Homeschool Planning – 7 Good Questions That Will Set You Up For Success
Homeschool Planning – What to Know Before You Start
Homeschool planning gets you ready for the school year, but how do you start, if you’ve never done it before?
When we first started homeschooling I felt like I had a gazillion things to do. I was completely overwhelmed with what to do first. I’m a check the box kinda gal and I really needed a checklist to tick off as I made progress. I didn’t have that, but I did make a list of the things I felt were important. One thing I left off was homeschool planning.
That wasn’t the only mistake I made. There was a much bigger one too. Turns out my kids weren’t the only ones learning new things because I definitely learned a hard lesson.

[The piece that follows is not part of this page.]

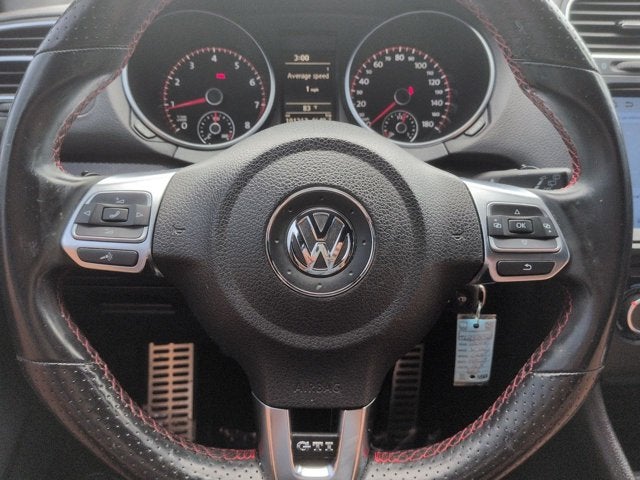 2014 Volkswagen Golf GTI Wolfsburg Edition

Homeschool Planning Starts With You
A good place to start your homeschool planning isn’t with a bunch of homeschool planning pages, it’s with you. Ask yourself these questions and take note of your answers before you do anything else.
7 Questions to consider before doing your homeschool planning…
How many days are you required to homeschool per school year?
The number of days you’re required to homeschool per year can vary by state. Most states require that you homeschool your children 180 days per year. There are several states that require less. So, it’s best to check with your state board or department of education to find out for certain.
What days do you know you’ll not want to school?
There may be some days you know you’ll not want to homeschool. Maybe you decide not to homeschool on birthdays. You may want to take a late summer vacation and take those days off.
How many daily homeschool hours are required by your state?
Many states require four instructional hours per day. This number will vary based on your state and the age of your child. Check with your state’s board of education to find out your state’s homeschooling requirements or you can find information at HSLDA.org.
How many children are you homeschool planning for?
Homeschool planning for several children will limit the time you can spend with each child. For this reason, when you’re homeschooling multiple children, it’s always a good idea to try combine age groups for one or more subjects.
You don’t have to do it this way, but it will help you to devote more time to those children that need more of your attention.
Do you have children that can learn independently with little guidance from you?
As your children get older, you’ll probably notice that they’re able to learn a lot on their own. This transition is a little bittersweet. However, if you have other children that need a lot from you, it can also be Heaven sent. Try to embrace it for what it is… flowering independence and maturity.
There are some curriculums that encourage independent learning. A couple we’ve used are Alpha Omega’s Lifepac and Accelerated Christian Education’s Ace Paces.
The Free Resource Library has a weekly homeschool planning page you can use with your older kiddos.
Do you have children that will need your full attention and guidance while homeschooling?
By far, these precious homeschooling angels are the ones you’ll spend more time teaching and training. They’ll need you to hold their hand while they work and keep them encouraged to keep on keeping on, to focus, to try the problem one more time, or to work for just a few more minutes to try and concrete a concept into their young mind.
This won’t really affect your child’s homeschool schedule, but it will impact your daily agenda.
Are there little ones that will be underfoot while homeschooling your older children?
Many years ago, I learned that it is much easier to homeschool with toddlers, if I give some attention to the littles before attending to the bigs.
Reading to your little ones, coloring, doing a craft together, cooking together, or just playing a game will give them the attention they need to know you’re there for them too.
After spending time with them you can send them off to do their own thing or you can let them do their “school” by giving them some inexpensive workbooks or some free preschool printables you can find online.
Thinking about the answers to these questions ahead of time helps you set realistic expectations when you’re homeschool planning.